The scientists’ method devised a single source reagent containing both the germanium and tellurium atoms required for the target GeTe material, bypassing the conventional need for compatible substances for each element where the molar ratio can be more difficult to control.
“GeTe is a very useful material so we are pleased to have made this significant advance,” Research Fellow Dr Ruomeng Huang explains. “This provides us with the potential of applying these films into functional devices to produce better performance. Our next step will be to conduct thorough functional characterisation of the deposited GeTe thin films and benchmark them with the state-of-art performance.”

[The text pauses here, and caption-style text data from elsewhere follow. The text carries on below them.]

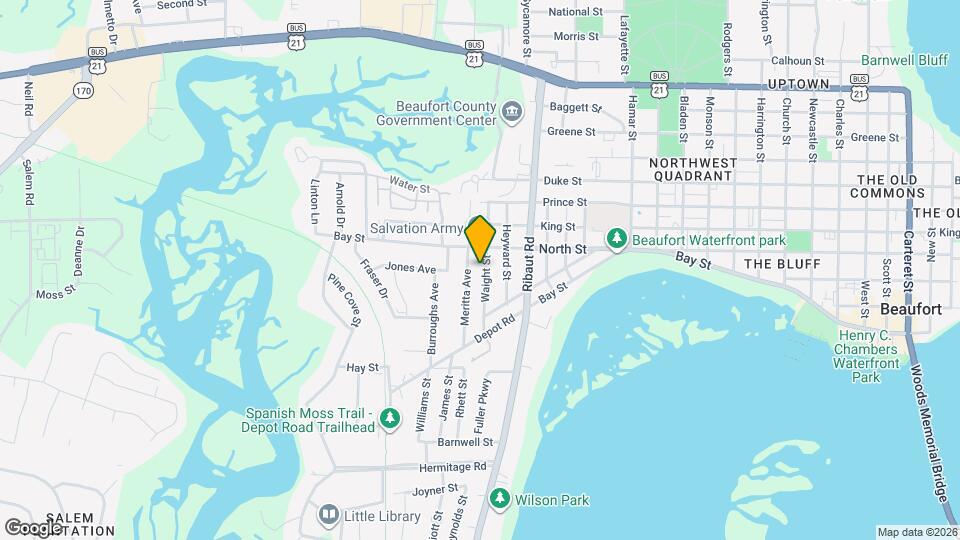 420 Waight St Map and Location Details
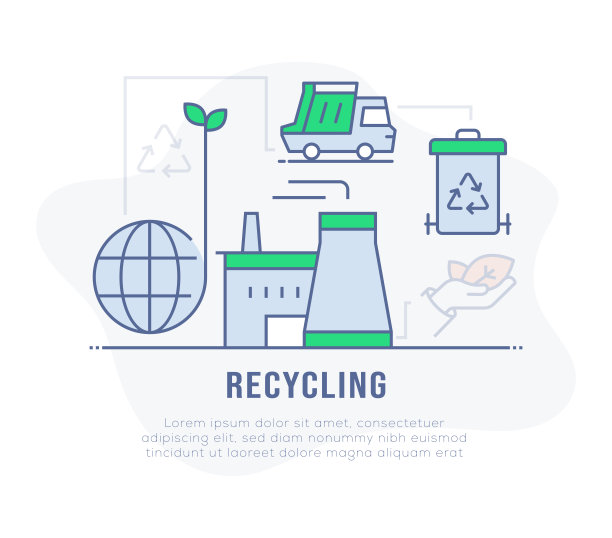 回收横幅图片下载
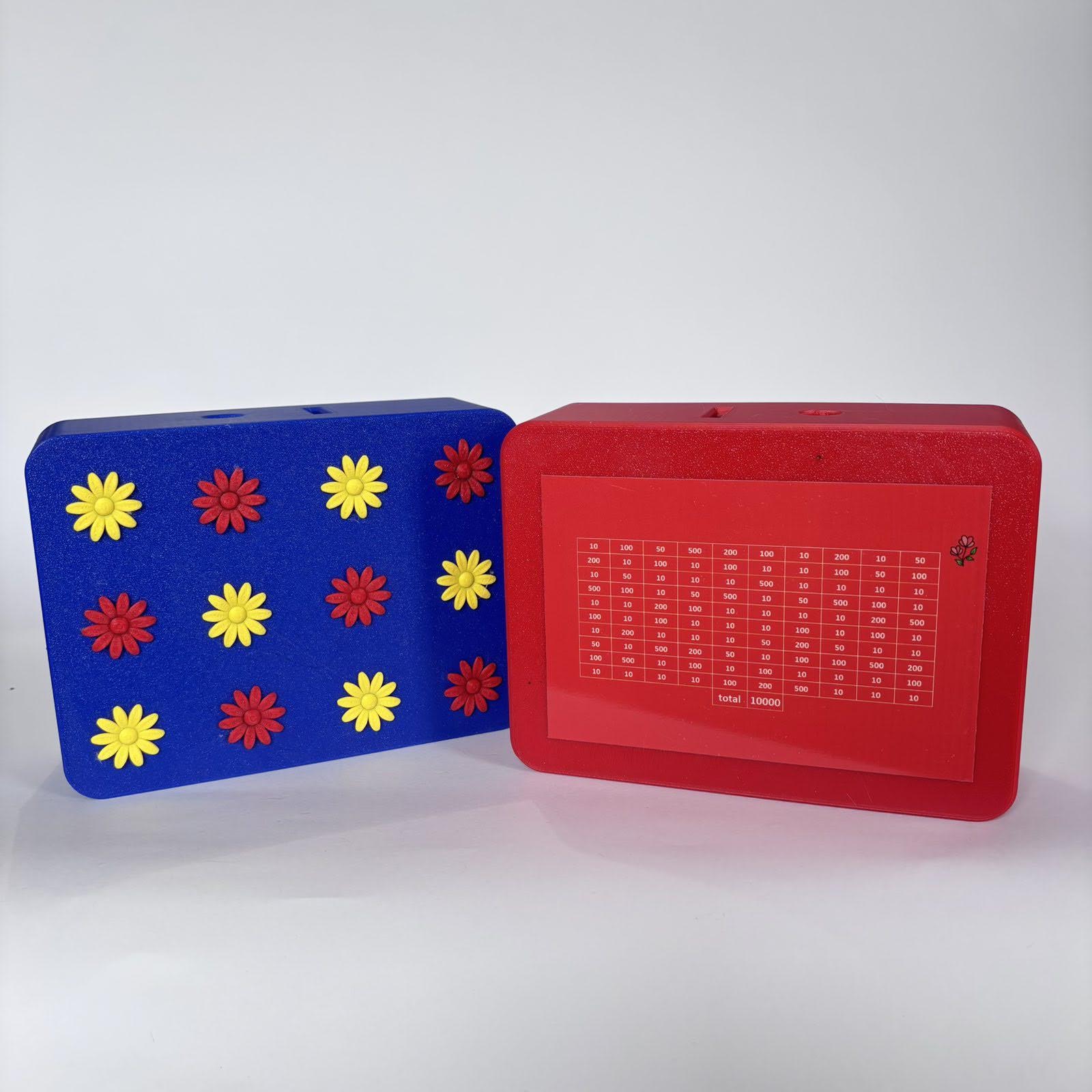 00062 - Money Saving Box with challenge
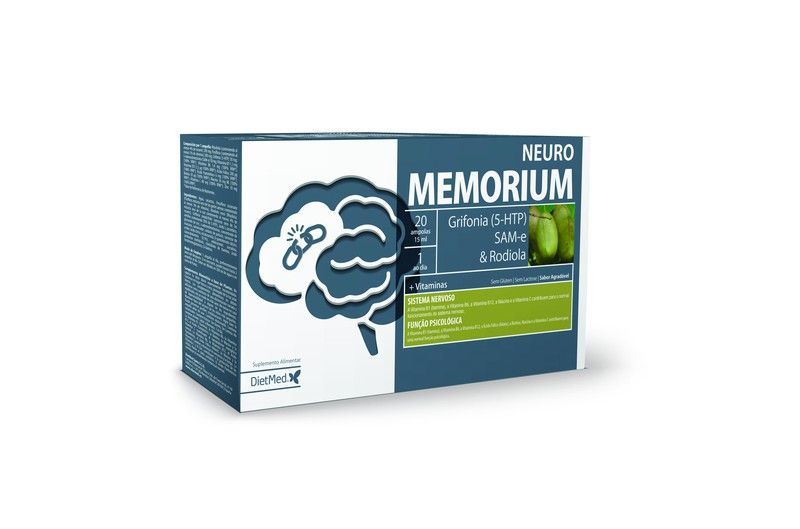 Memorium Neuro 30 Ampollas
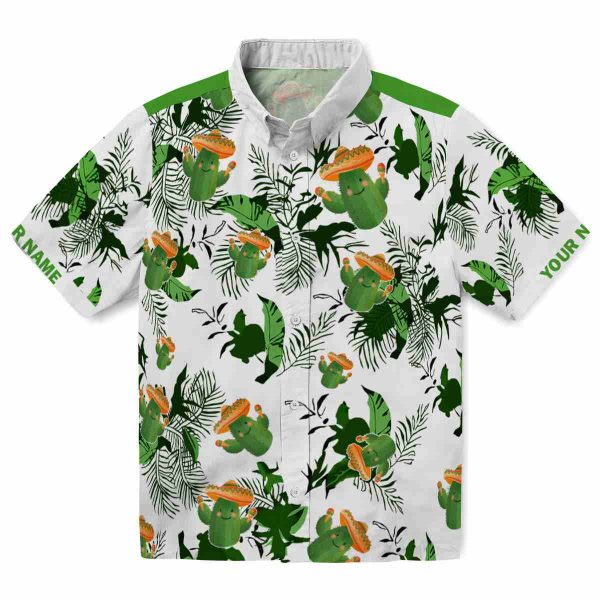 Cactus Botanical Theme Hawaiian Shirt Best selling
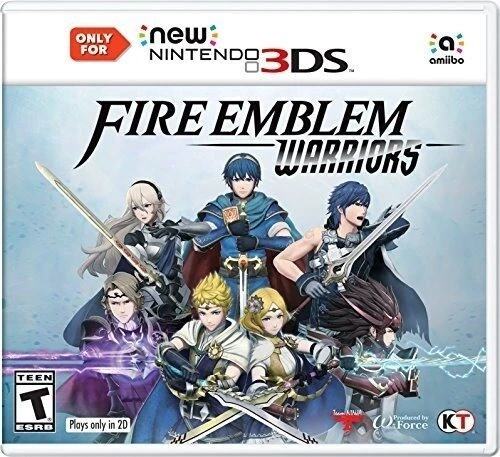 NEW NINTENDO 3DS VIDEO GAME FIRE EMBLEM WARRIORS BRAND NEW AND SEALED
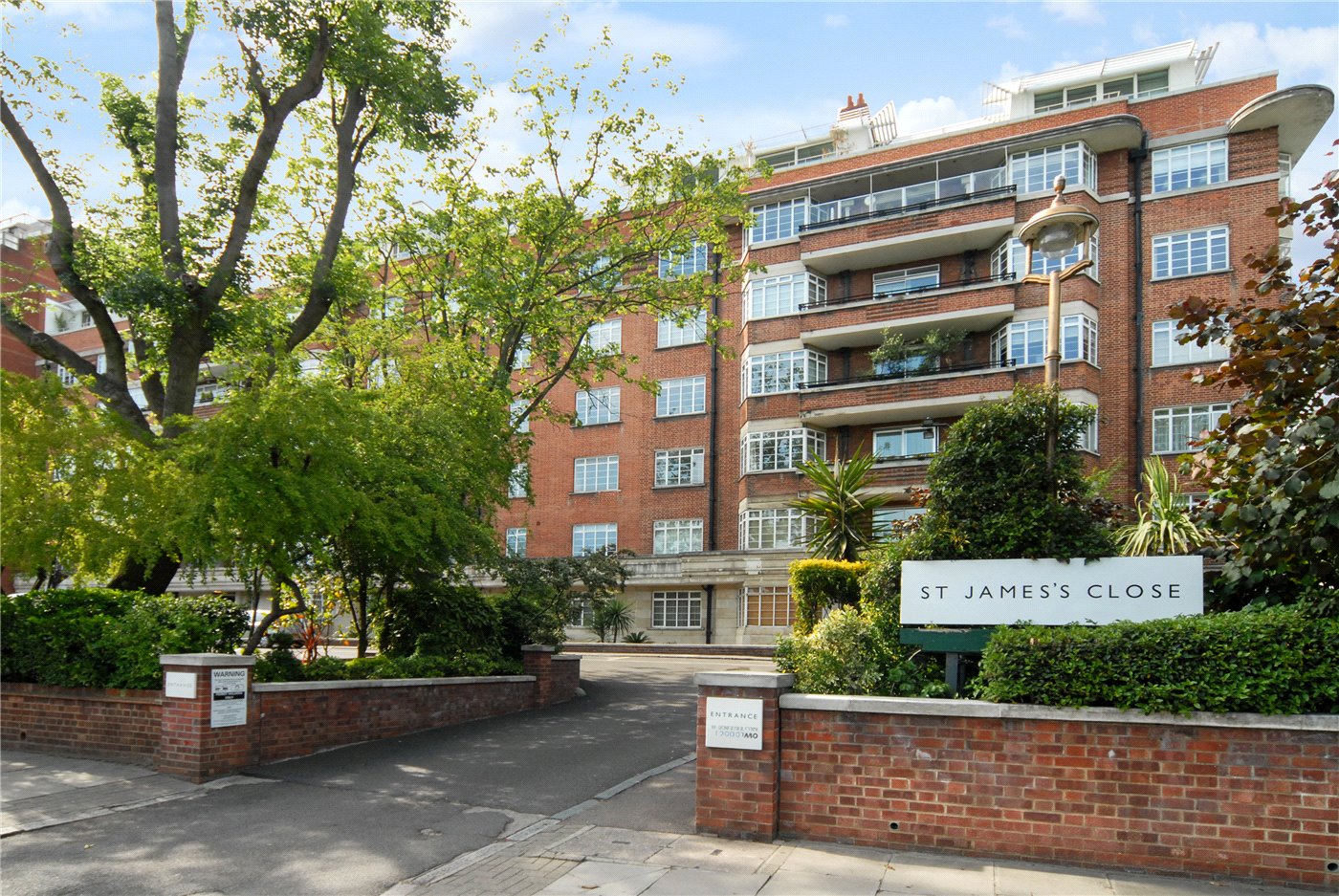 St James&#39;s Close, St John&#39;s Wood, London, NW8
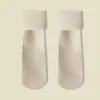 Meias de Neve, Meias Quentes e à Prova de Frio para Outono e Inverno, Meias com Forro de Lã e Espessas, Meias Absorventes de Suor para Casais, Meias de Cano Médio, Meias Espessas Femininas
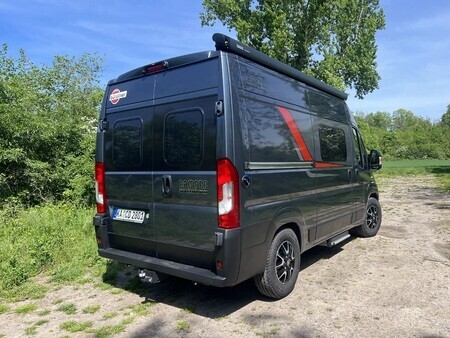 geburtstagswnsche fr camper Geburtstagskarte 75 Jahre  Wohnmobil Abenteuer mit Naturkulisse und G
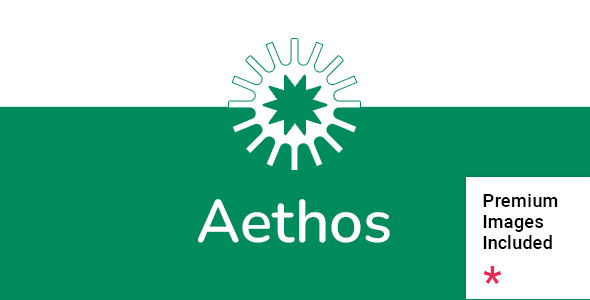Aethos - Creative Agency WordPress Theme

The GeTe compound is often used in the field of phase change memory, a non-volatile memory technique used in place of flash memory in electronic devices. It can also be found in thermoelectric generators, an energy harvesting technique that coverts waste heat into electricity.
The work continued a long-standing collaboration between the Functional Inorganic, Materials and Supramolecular Chemistry group, led by Professor Gill Reid, and the Sustainable Electronics Technologies group in ECS, led by Professor Kees De Groot.
Further to the current work on GeTe, the interdisciplinary team has developed a range of other functional semiconducting materials such as SnSe2, Bi2Te3, Sb2Te3 and jointly authored over 10 publications in international journals.
Previous projects have demonstrated molecular reagents with unique behaviours during deposition, such as selectively growing materials onto specific areas on a patterned substrate. “These areas can be in dimensions from hundreds of micrometres to tens of nanometres,” Ruomeng explains. “This unique selective deposition behaviour will greatly simplify the fabrication process for any functional device and if a similar behaviour can be achieved using our GeTe reagent it will represent another important breakthrough.”
Several specialist research facilities were used during this latest project including multinuclear NMR spectroscopy, X-ray diffraction, Raman spectroscopy, scanning electron microscopy and energy dispersive X-ray analysis. The substrates for the deposition were fabricated in the University’s state-of-art Southampton Nanofabrication Centre.
Scientists also collaborated with Dr Gavin Stenning and Dr Marek Jura from the ISIS Neutron and Muon Source at the Rutherford Appleton Laboratory in Oxford, operated by the Science and Technology Facilities Council (STFC).